See my similar question on cs.SE: An incrementally-condensed transitive-reduction of a DAG, with efficient reachability queries, where I reference several related querstions across stackexchange:
Related:
What is the fastest deterministic algorithm for dynamic digraph reachability with no edge deletion?
What is the fastest deterministic algorithm for incremental DAG reachability?
Does an algorithm exist to efficiently maintain connectedness information for a DAG in presence of inserts/deletes?
Is there an online-algorithm to keep track of components in a changing undirected graph?
Dynamic shortest path data structure for DAG
Note that even though some algorithm might be for a DAG only, if it supports condensation (that is, collapsing strongly connected components into one node, since they are considered equal, ie. they relate back and forth), it is equivalent; after condensation, you can query the graph for the representative node in place of any of the condensed nodes (because they were both reachable from each-other, and thusly related to the rest of the graph in exactly the same way).
My conclusion is that as-of-yet there does not seem to be an efficient way to do this (on the order of O(log n) queries for a dynamic graph, with output-sensitive update times on the condensed graph). For less efficient ways, see the related links above.
The closest practical algorithm I found was here (source), which is an interesting read. I am not sure how easy/practical this data-structure or any data structure in any paper you will find, would be to adapt it to a database.
PS. Consider asking CS-related questions on cs.stackexchange.com in the future.
Here is the problem:
assuming two persons are registered in a social networking website, how to decide whether they are connected or not?
my analysis (after reading more): actually, the question is looking for - the shortest path from A to B in a graph. I think both BFS and Dijkstra's Algorithms works here and time complexity is exactly the same (O(V+E)) because it is an unweighted graph, so we can't take advantage of the priority queue. So, a simple queue could resolve the problem. But, both of them doesnt resolve the problem that: find the path between them.
Bidrectrol should be a better solution at this point.

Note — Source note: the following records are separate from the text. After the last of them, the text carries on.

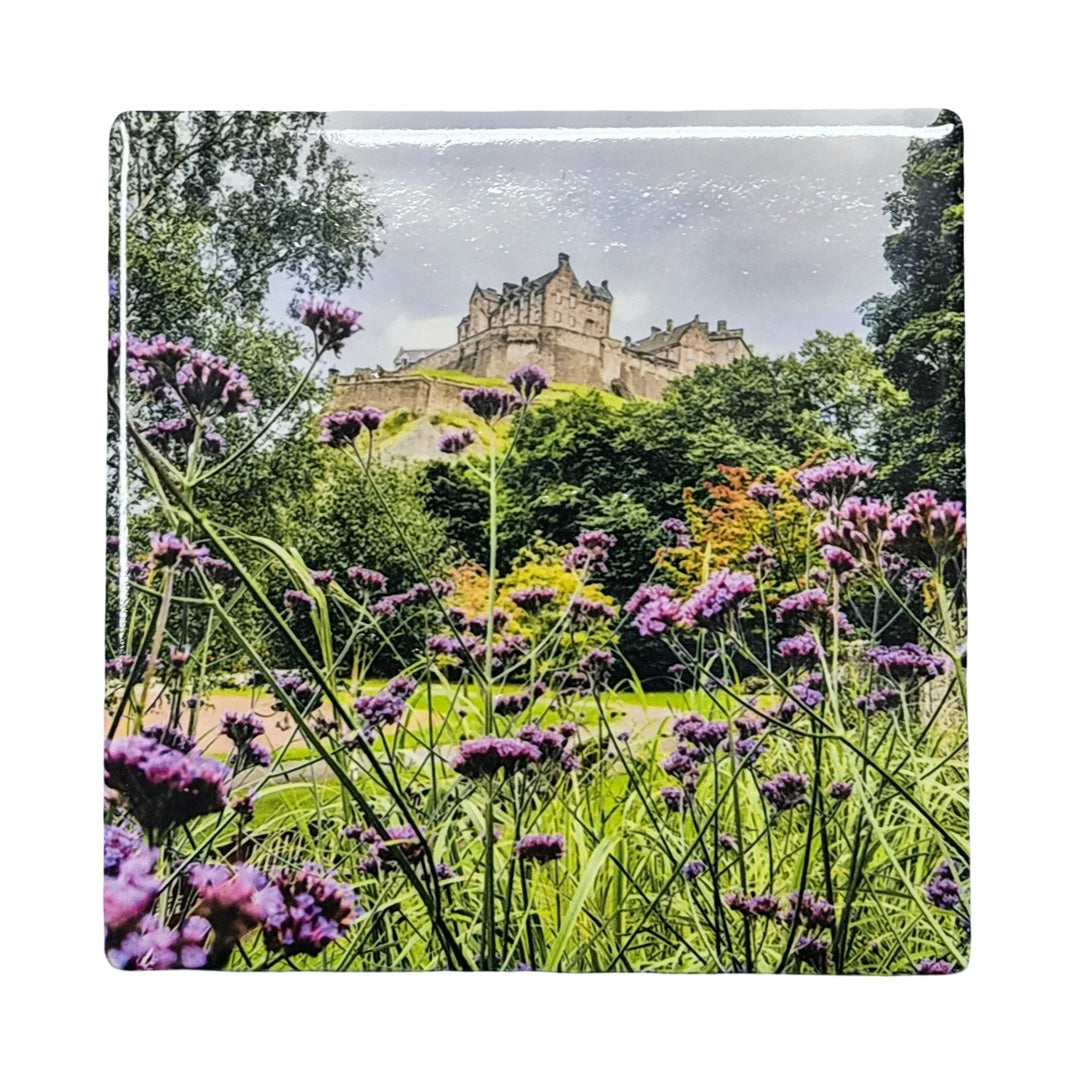 Castle surrounded by greenery and purple flowers on a ceramic coaster.
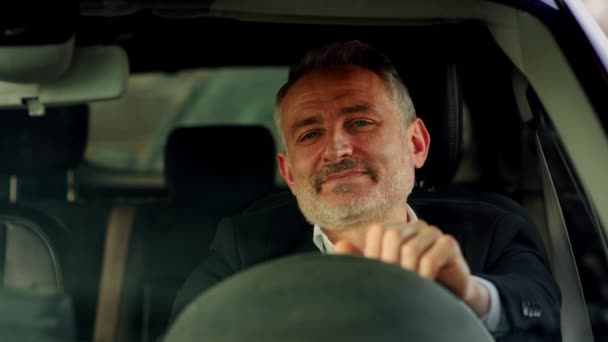 一个满脸笑容的男人坐在车里 双手碰碰方向盘 一个穿着西装 坐在方向盘后面喝咖啡的微笑男子的正面形象 — 图库视频影像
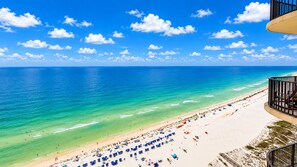 A beach with clear blue water, a sandy shore, and a balcony overlooking the ocean.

To find a path between the two, you should begin with a breadth first search. First find all neighbors of A, then find all neighbors of all neighbors of A, etc. Once B is hit, not only do you have a path from A to B, but you also have a shortest such path.
Dijkstra's algorithm rocks, and you may be able to speed this up by working from both end, i.e. find neighbors of A and neighbors of B, and compare.
If you do a depth first search, then you're following one path at a time. This will be much much slower.
If you do dfs for finding whether two people are connected on a social network, then it will take too long!
You already know the two persons, so you should use Bidirectional Search.. But, simple bidirectional search won't be enough for a graph as big as a social networking site. You will have to use some heuristics. Wikipedia page has some links to it.
You may also be able to use A* search. From wikipedia : "A* uses a best-first search and finds the least-cost path from a given initial node to one goal node (out of one or more possible goals)."
Edit: I suggest A* because "The additional complexity of performing a bidirectional search means that the A* search algorithm is often a better choice if we have a reasonable heuristic." So, if you can't form a reasonable heuristic, then use Bidirectional search. (Forming a good heuristic is never easy ;).)
One way is to use Union Find, add all links union(from,to), and if find(A) is find(B) is True then A and B are connected. This avoids the recursive search but it actually computes the connectivity of all pairs and doesn't give you the paths that connects A and B.
I think that the true criteria is: there are at least N paths between A and B shorter then K, or A and B are connected diectly. I would go with K = 3 and N near 5, i.e. have 5 common friends.
Note: answer edited.
Any method might end up being very slow. If you need to do this repeatedly, it's best to find the connected components of the graph, after which the task becomes a trivial O(1) operation: if two people are in the same component, they are connected.
Note that finding connected components for the first time might be slow, but keeping them updated as new edges/nodes are added to the graph is fast.
There are several methods for finding connected components.
One method is to construct the Laplacian of the graph, and look at its eigenvalues / eigenvectors. The number of zero eigenvalues gives you the number of connected components. The non-zero elements of the corresponding eigenvectors gives the nodes belonging to the respective components.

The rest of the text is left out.